- _WORK TO BE COMPLETED_
Leave out the pictures, and write out exactly the lines from the beginning of the material to the line holding "Scarpin Mule Dior", that line included, and nothing else.

---------- RECORD SET

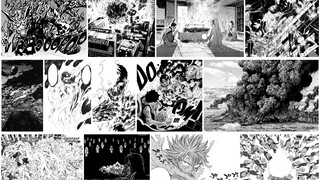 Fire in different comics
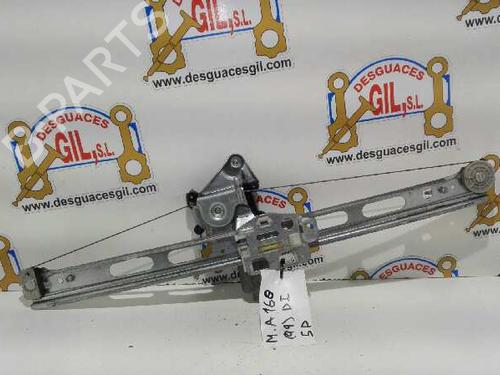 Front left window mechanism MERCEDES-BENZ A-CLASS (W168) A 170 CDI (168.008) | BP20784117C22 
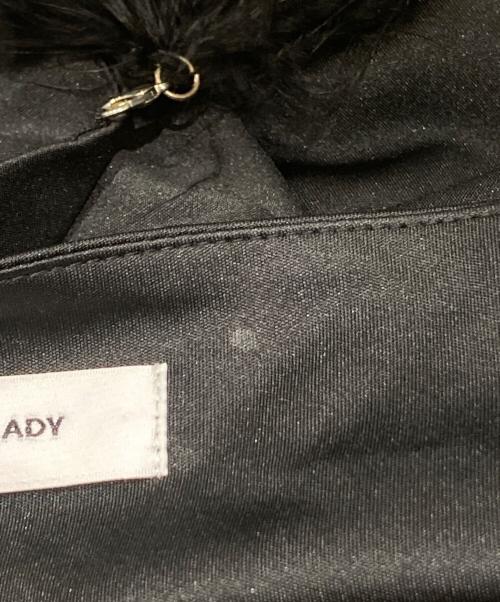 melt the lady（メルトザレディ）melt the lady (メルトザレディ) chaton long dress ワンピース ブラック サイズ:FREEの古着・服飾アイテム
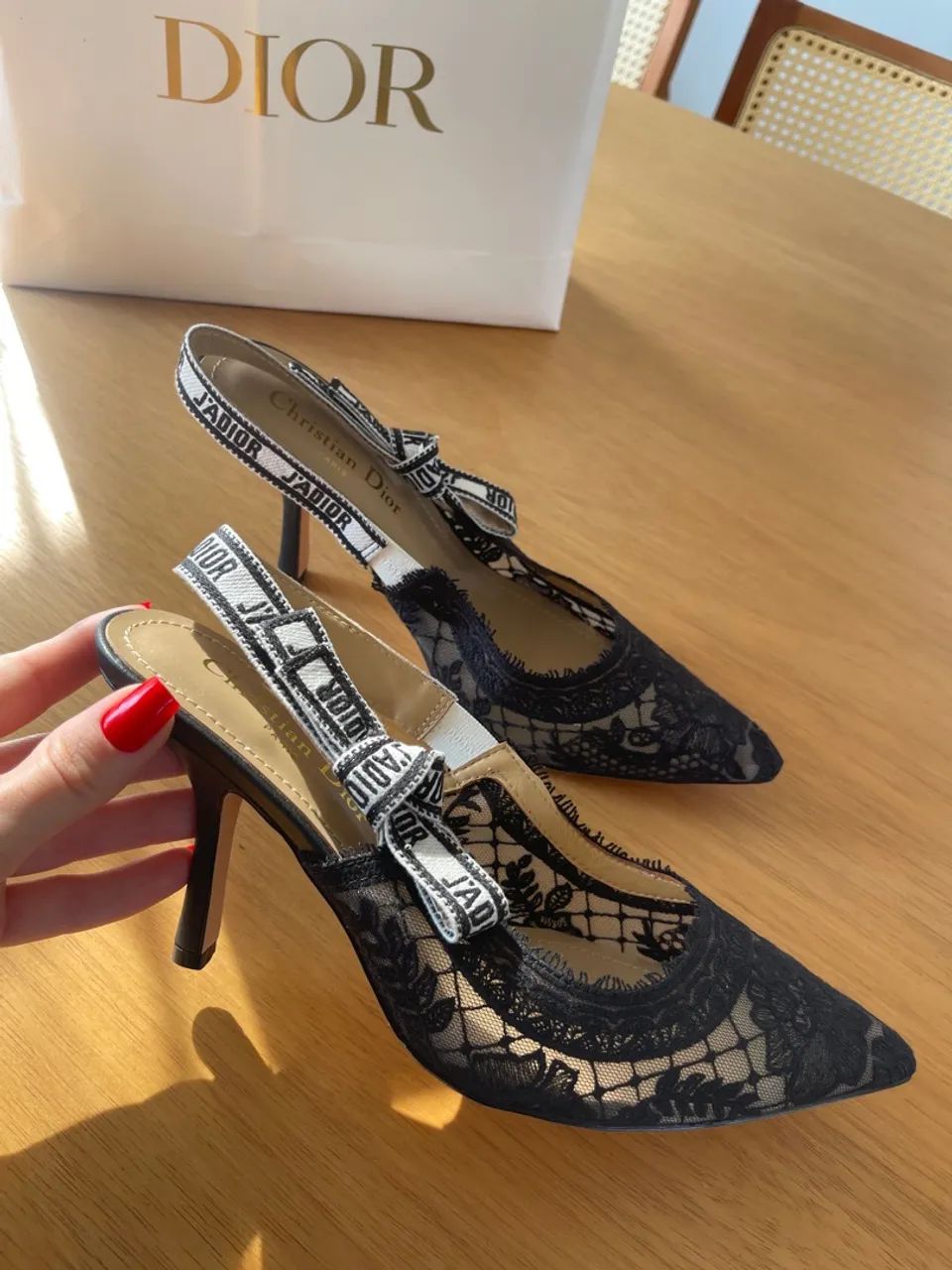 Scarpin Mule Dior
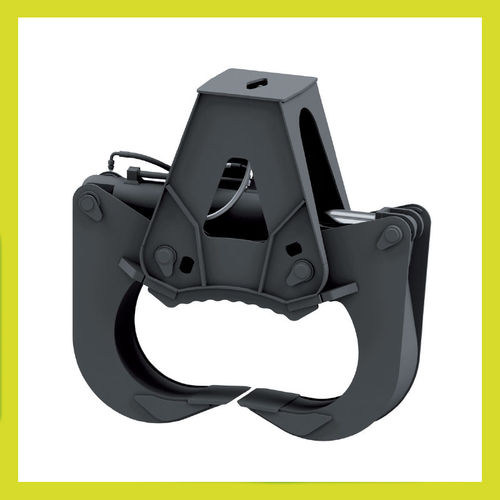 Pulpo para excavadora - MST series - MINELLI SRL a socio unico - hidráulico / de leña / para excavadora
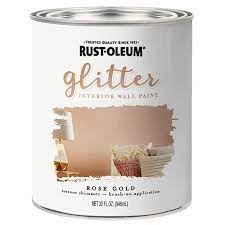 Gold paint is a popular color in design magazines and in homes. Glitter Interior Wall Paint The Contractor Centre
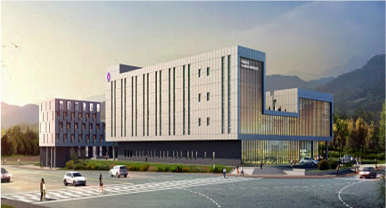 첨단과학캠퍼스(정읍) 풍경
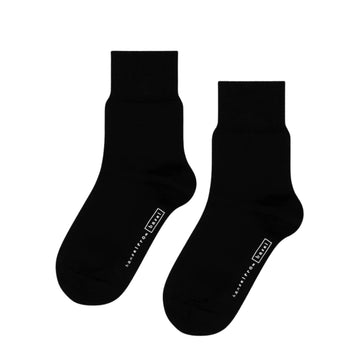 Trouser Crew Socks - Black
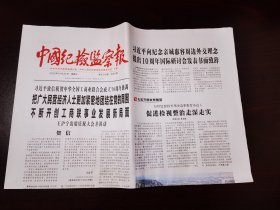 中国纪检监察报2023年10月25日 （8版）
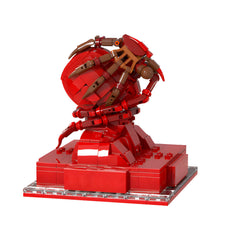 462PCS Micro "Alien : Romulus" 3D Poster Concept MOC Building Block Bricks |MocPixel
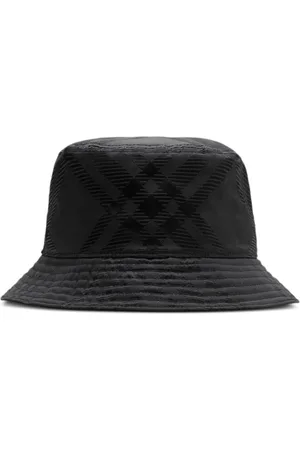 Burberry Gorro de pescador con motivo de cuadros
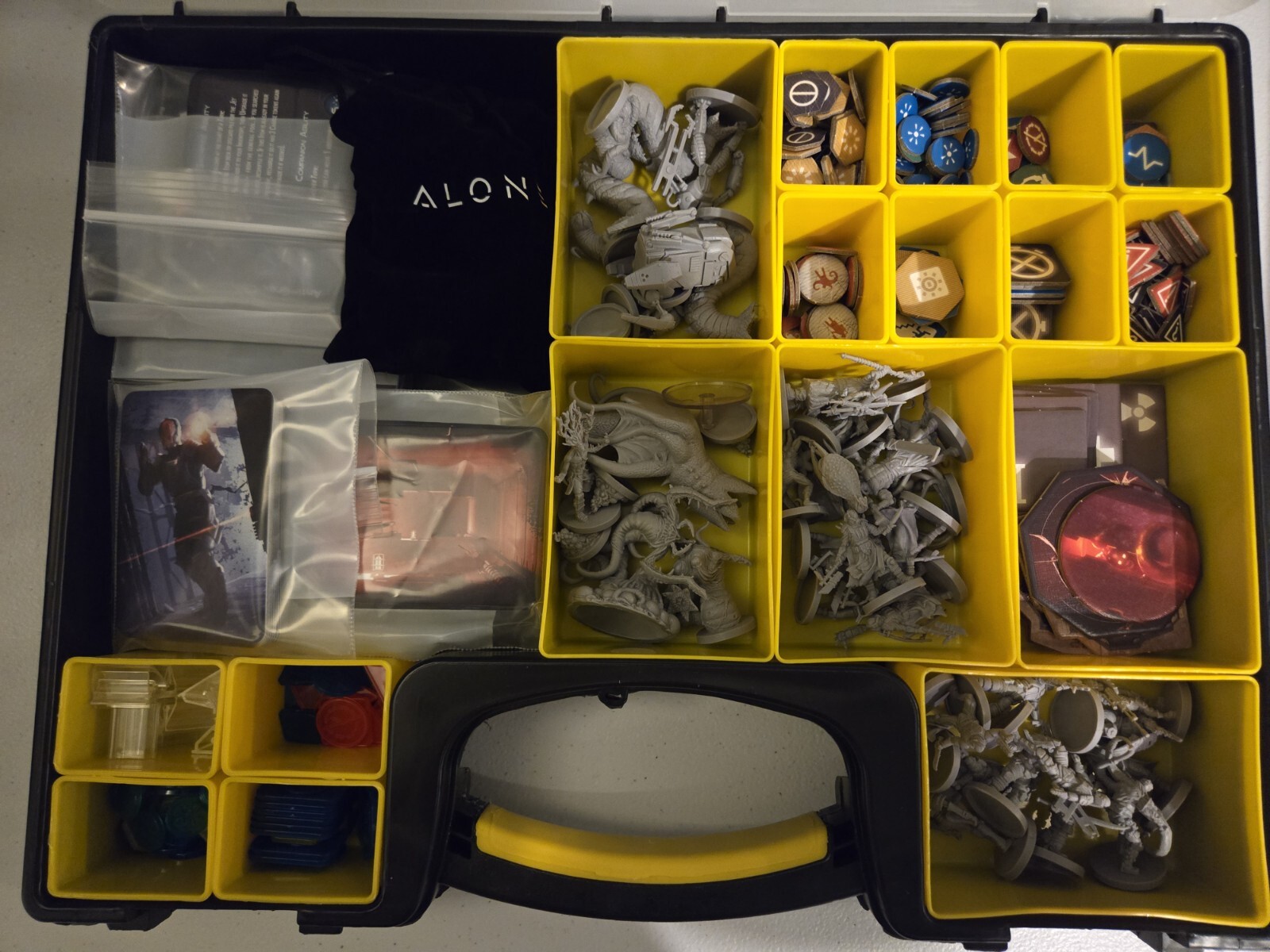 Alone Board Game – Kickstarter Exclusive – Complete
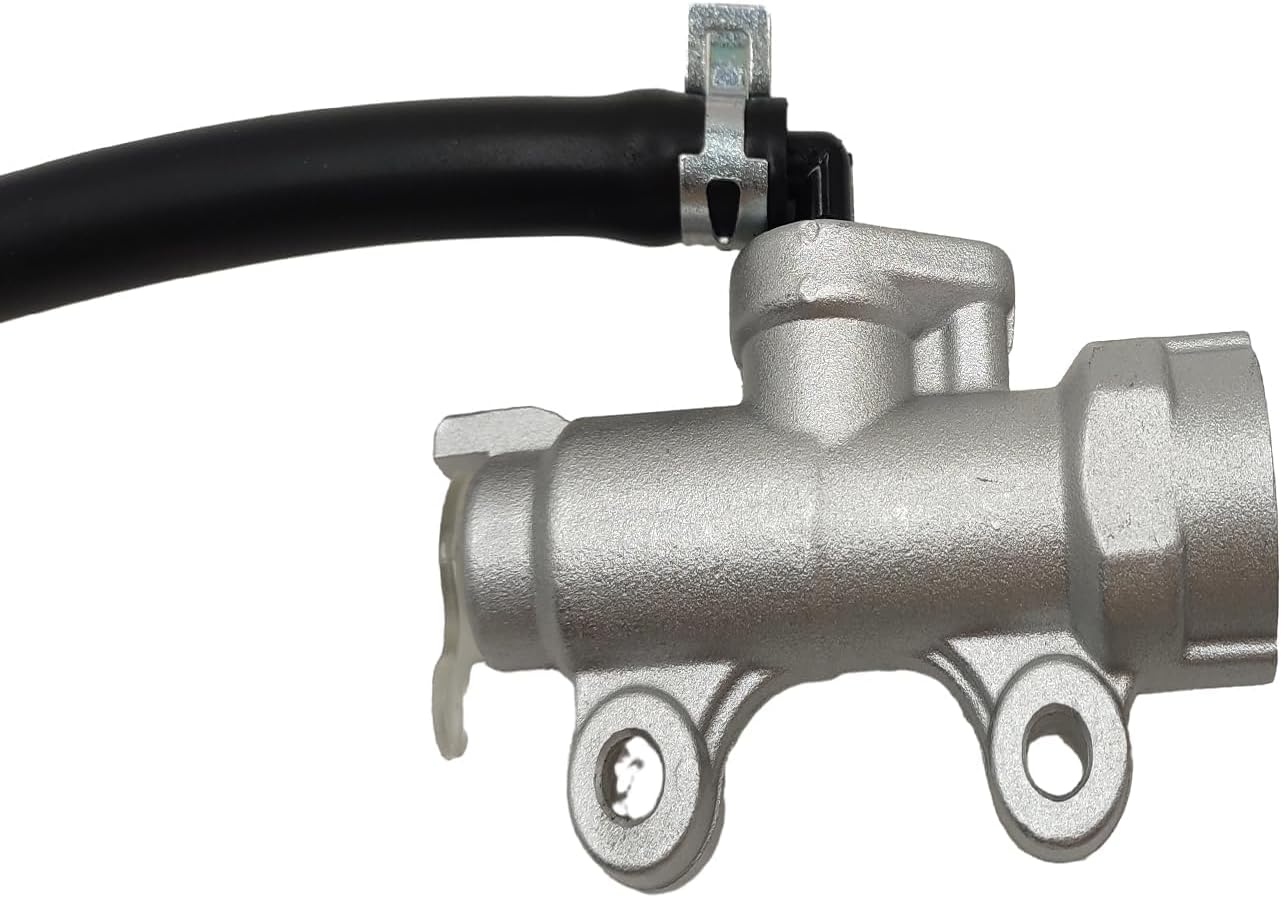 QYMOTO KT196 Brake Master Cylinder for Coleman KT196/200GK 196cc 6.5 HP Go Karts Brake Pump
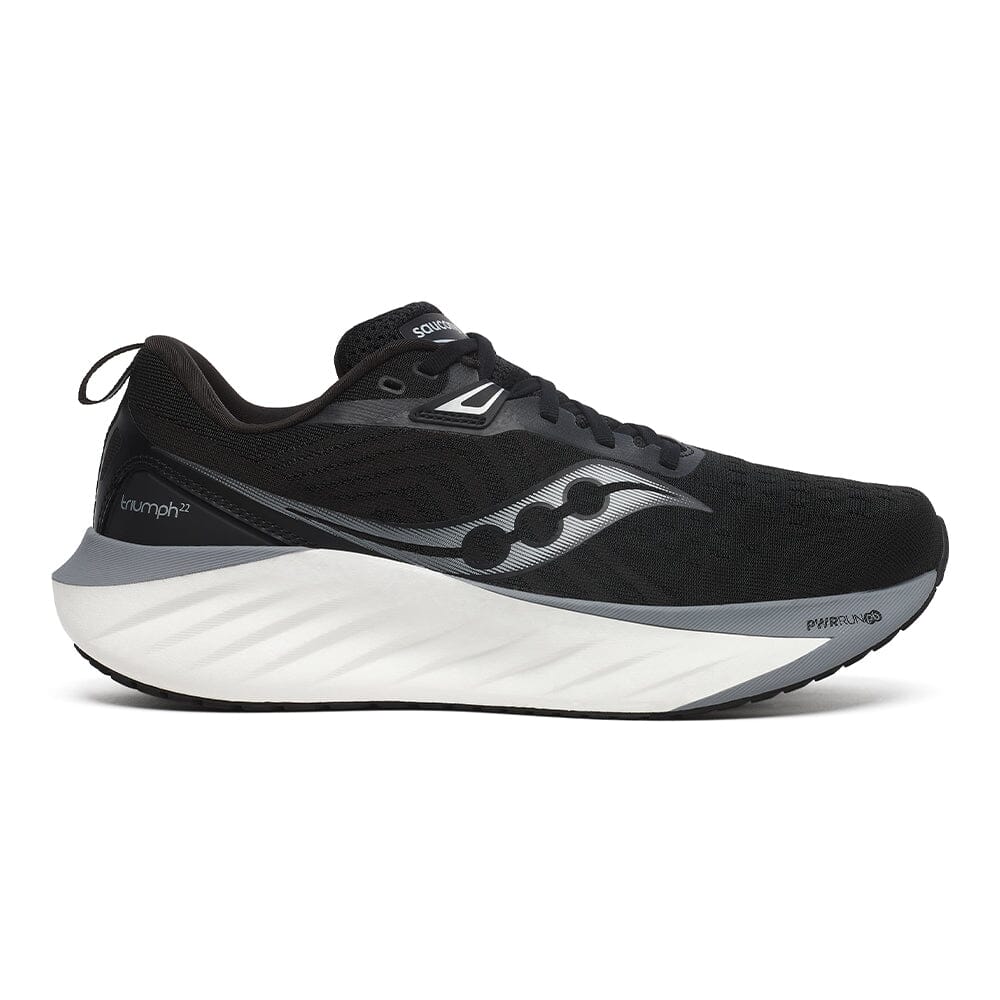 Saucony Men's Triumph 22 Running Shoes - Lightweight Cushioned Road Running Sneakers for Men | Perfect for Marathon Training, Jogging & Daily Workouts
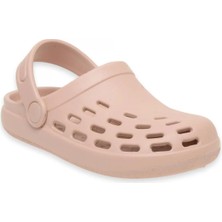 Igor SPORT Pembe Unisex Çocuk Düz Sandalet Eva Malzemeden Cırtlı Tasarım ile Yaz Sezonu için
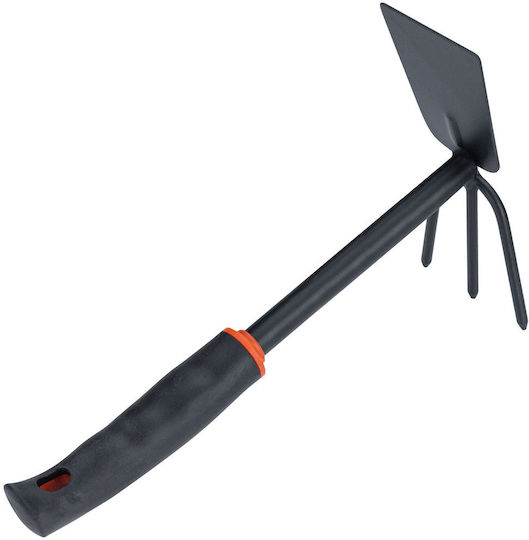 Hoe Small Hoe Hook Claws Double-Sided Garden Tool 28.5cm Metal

--------------------

- _RESULT OF THIS EXERCISE_
 Fire in different comics
 Front left window mechanism MERCEDES-BENZ A-CLASS (W168) A 170 CDI (168.008) | BP20784117C22 
 melt the lady（メルトザレディ）melt the lady (メルトザレディ) chaton long dress ワンピース ブラック サイズ:FREEの古着・服飾アイテム
 Scarpin Mule Dior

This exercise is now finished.